GREFFIER, lors des débats : M. P Q-R

MINISTERE PUBLIC :

L’affaire a été communiquée au ministère public, représenté lors des débats par Mme Z A, Avocate Générale, qui a fait connaître son avis.

ARRÊT :

— contradictoire

— prononcé publiquement par mise à disposition de l’arrêt au greffe de la Cour, les parties en ayant été préalablement avisées dans les conditions prévues au deuxième alinéa de l’article 450 du code de procédure civile.

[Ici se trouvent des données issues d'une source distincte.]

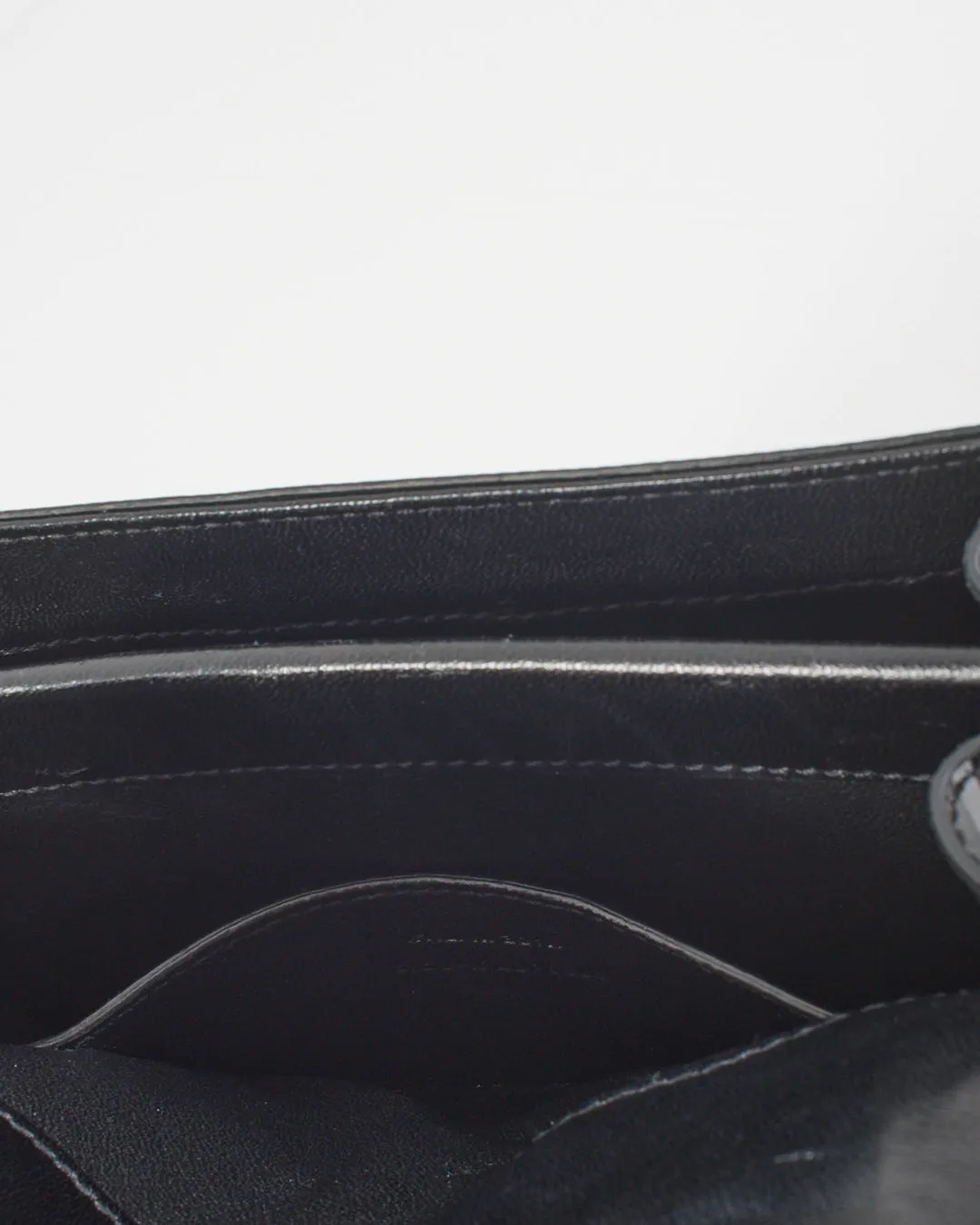 Saint Laurent Black Patent Leather Stripe Embossed Square Crossbody Bag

— signé par Mme D E- AMSELLEM, présidente et par M. P Q-R, greffier.

********

Faits et procédure

M. X G, né en Chine, de nationalité canadienne et résidant à Hong-Kong, après des études d’informatique au Canada, a été recruté pour exercer les fonctions de trader dans l’office de Toronto appartenant au groupe Swift Trade, dont M. Y I est le fondateur et le président. Après un an de fonction, M. X G a créé en Chine trois sociétés dénommées les offices, destinées à faire du trading sur différentes plateformes de négociation par l’intermédiaire du groupe Swift Trade :

• la société Xiamen Fortune Investment Consulting Inc. (ci-après l’office de Xiamen), dont il était le représentant légal et président du conseil d’administration et dont il détenait pendant la période incriminée 50% du capital, l’autre moitié étant détenue par son épouse ; • la société Shanghai Fortune Investment Consultant limited (ci-après l’office de Shanghai), dont il était le représentant légal et l’administrateur exécutif et dont il détenait pendant la période incriminée 55% du capital ; • la société Nanchang Fortune Investment Consultant Limited (ci-après l’office de Nanchang), dont il était le représentant légal et administrateur exécutif et dont il détenait pendant la période incriminée 100% du capital.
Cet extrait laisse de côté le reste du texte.